-- DATA EXTRACTS --

..............................

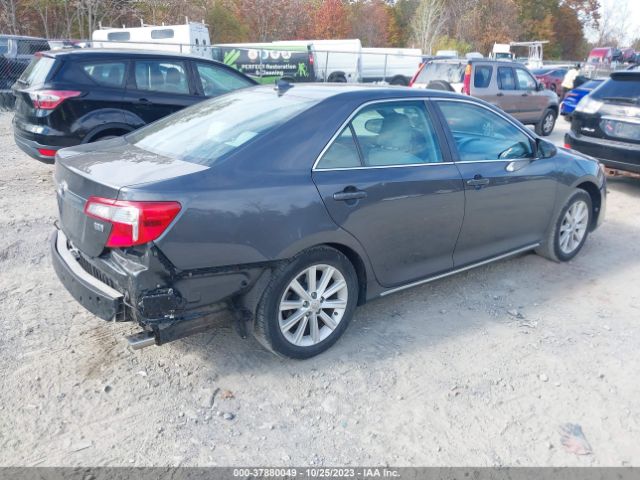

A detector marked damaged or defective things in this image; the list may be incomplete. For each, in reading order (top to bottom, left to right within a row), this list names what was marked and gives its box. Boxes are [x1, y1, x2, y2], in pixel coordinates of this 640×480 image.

damaged gray sedan [51, 84, 604, 358]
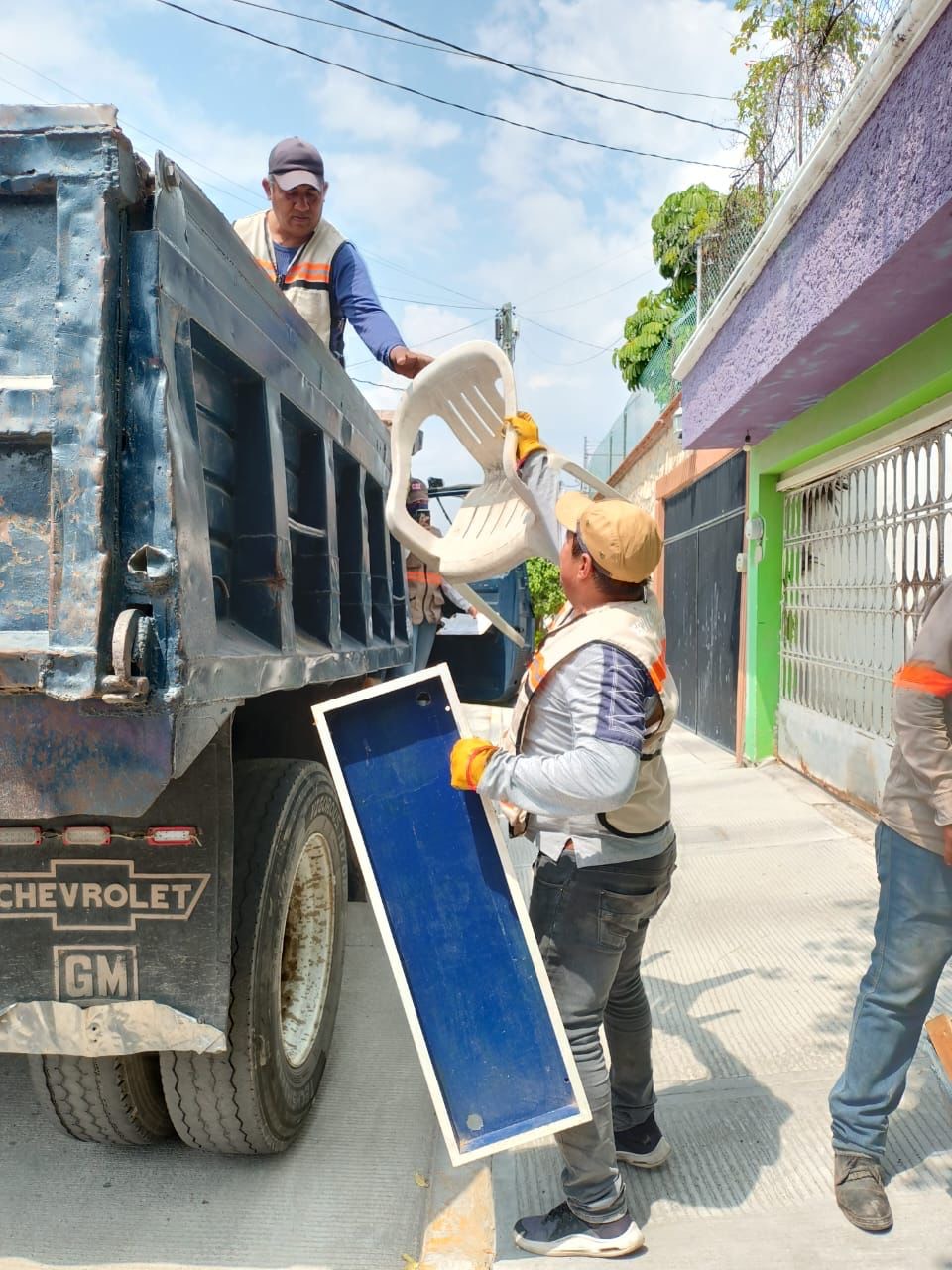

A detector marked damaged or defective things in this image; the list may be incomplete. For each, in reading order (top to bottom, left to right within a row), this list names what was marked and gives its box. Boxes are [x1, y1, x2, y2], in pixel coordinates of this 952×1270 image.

rusty truck body [0, 106, 411, 1153]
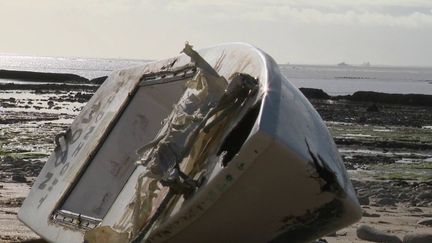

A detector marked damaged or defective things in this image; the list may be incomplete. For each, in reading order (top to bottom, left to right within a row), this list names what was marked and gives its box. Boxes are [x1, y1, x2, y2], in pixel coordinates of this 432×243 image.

wrecked boat hull [18, 42, 362, 242]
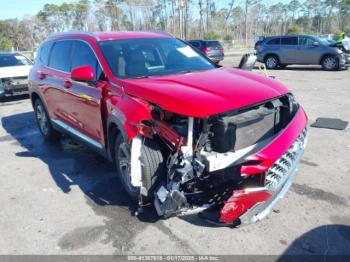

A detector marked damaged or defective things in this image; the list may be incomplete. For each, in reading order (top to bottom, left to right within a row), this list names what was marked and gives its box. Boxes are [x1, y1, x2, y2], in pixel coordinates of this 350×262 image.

damaged red suv [28, 31, 308, 225]
crumpled hood [120, 67, 290, 117]
crushed front end [138, 93, 308, 225]
broken grille [266, 128, 306, 191]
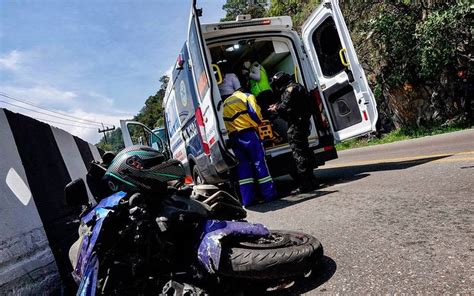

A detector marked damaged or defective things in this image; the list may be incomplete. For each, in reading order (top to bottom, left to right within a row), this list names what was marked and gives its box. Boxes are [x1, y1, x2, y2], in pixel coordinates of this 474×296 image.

damaged vehicle [65, 145, 322, 294]
crashed motorcycle [65, 146, 322, 294]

..............................

-- TASK TO CARRY OUT --
The lines beginning with the one that holds "this 474×296 image." and ending with the last line of the data above are to be reproduced exactly, and nothing else.

-- TASK RESULT --
A detector marked damaged or defective things in this image; the list may be incomplete. For each, in reading order (top to bottom, left to right within a row), this list names what was marked and gives its box. Boxes are [x1, y1, x2, y2], in pixel coordinates of this 474×296 image.

damaged vehicle [65, 145, 322, 294]
crashed motorcycle [65, 146, 322, 294]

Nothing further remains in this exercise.